# IMPROVE CUSTOMER EXPERIENCE FOR EMIRATES AIRLINE TO INCREASE  PROFITS 



Customer Experience is the sum of all the interactions a customer has with a business and its products or services. It is the customer's perception of a company. In the airline industry, you need to be on top of your game if you want recurrent customers. Emirates is one of the airlines with an average rating of 6/10. From 2010, the rating for the service hasn’t changed much. Improving the customer experience would certainly increase their ratings. 

However, changing things would mean restructuring their business strategy.The aim of this project is to provide a model which they can use to improve their customer experience without changing too much.


### Dataset 
The data was scraped from airlinequality.com by quankiquanki from Skytrax website: https://github.com/quankiquanki/skytrax-reviews-dataset. Skytrax is probably the best site for customers reviews from the airline industry, where it collects reviews and ratings for each airlines, lounges, seats and airports. Special thanks to reddit user jo698 for recommending this.

The dataset used here had a total sample of 691 observations(Emirates only) with 20 columns containing info of the reviewers. The ratings for each attribute ranges from 1 to 5, while the overall rating is from 1-10. 

### Approach
* First, I built a model that can predict the overall rating based on each feature's rating. In order to do that, I conduct OLS Linear model, Ridge linear for parameter regularization and random forest. 
* Then, I select the best model among these methods and choose the important features for airlines.
* Finally, using these features on the best models, I create a table for relative reference in planning targets for attribute ratings. This table together with the selected best model and cost-benefit analysis, Emirates airlines can build a good strategy on where to invest their resources to achieve better performance in customer satisfaction and profits.


### Result
* Random forest is the best performance with the lowest MSE of 1.64 on the test set. The most important factors in order that may affect overall rating are value-money rating, cabin staff, seat comfort, food beverages and inflight entertainment. These all have positive correlations with overall rating.

### Recommendations 
* Based on its corporate strategy and cost-benefit analysis, Emirates may use the reference table and Random forest model to plan their target for improvement in some services.
* While pricing is related closely with business strategy and positioning, Emirates might find it easier to improve its cabin staff and food beverages while still have huge effect on overall rating.

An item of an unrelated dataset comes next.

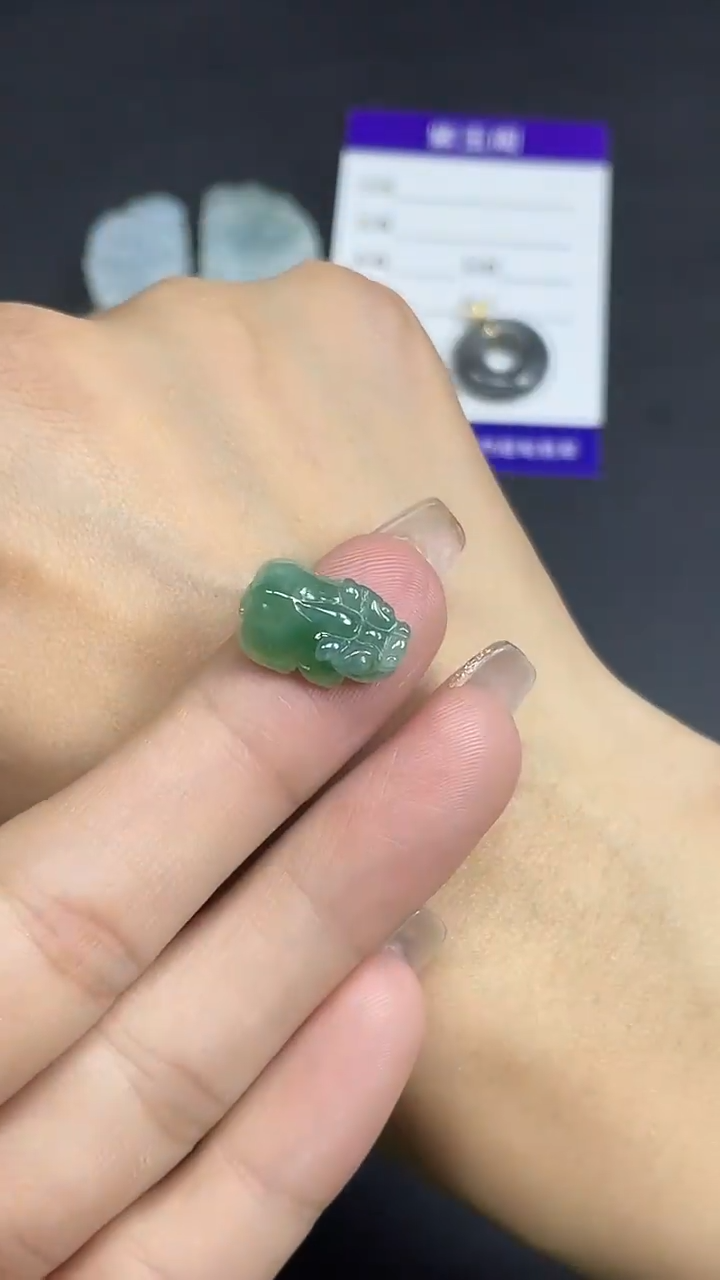 颈饰未镶嵌翡翠天然翡翠吊坠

### Improvements I can make
Do topic and sentiment analysis on the travellers' reviews for Emirates airline to see which topics are most discussed, and alerts on negative reviews to take in-time action.


## Importing Libraries

In [None]:
import numpy as np
import pandas as pd
import scipy.stats as stats
import math
import matplotlib.pyplot as plt
import matplotlib
matplotlib.style.use('ggplot')
import statsmodels.api as sm

In [None]:
df=pd.read_csv('airline.csv')

In [None]:
df_emi=df[df.airline_name=='emirates']
df_emi.head(2)

In [None]:
df_emi.describe()

In [None]:
df_emi.info()

* From these descriptive tables, we understand that we have a problem with missing values, but there are outliers. In some features, the rating given is 0, which is invalid as we are only taking into account from 1 to 5. So, those are missing values as well.
* It is noticeable that data for overall rating, recommended and value_money rating are nearly full while rating data for ground service and wifi connectivity are mostly missing. Given this fact, there is a high probability that the Emirates do not offer these along certain routes. 
* The data points with missing values for overall rating will be removed as it is a really important factor.

## Cleaning

In the data cleaning step, I do the following:
* Only choose data since 2010
* Drop data without overall rating
* Drop info that is not needed for modelling purpose: link,content, aircraft type, route, title, author, author country, date, 
* Encode missing values as 0
* Get dummies for traveller type and cabin flown 

In [None]:
df_emi.date=pd.to_datetime(df_emi.date) #change date object into datetime format
df_emi=df_emi[df_emi.date>='2010-01-01'] #choose recent dates only
df_emi.shape

In [None]:
#drop data points without overall rating
df_clean=df_emi[df_emi['overall_rating'].notnull()]

In [None]:
#drop some attributes that will not be used in modelling
df_clean.drop(['airline_name','link','title','author','author_country','date','content','aircraft','route','recommended'],axis=1, inplace=True)


In [None]:
df_clean.head()

In [None]:
#deal with missing values
df_clean=df_clean.fillna({'ground_service_rating':0, 'wifi_connectivity_rating':0,'seat_comfort_rating':0,'cabin_staff_rating':0,'food_beverages_rating':0,'inflight_entertainment_rating':0, 'value_money_rating':0}, inplace=True)


In [None]:
#change types cabin flown and traveler types into category type
df_cabin_flown= pd.get_dummies(df_clean['cabin_flown'])
df_clean=pd.concat([df_clean, df_cabin_flown], axis=1)
df_clean.drop(['cabin_flown'], axis=1, inplace=True)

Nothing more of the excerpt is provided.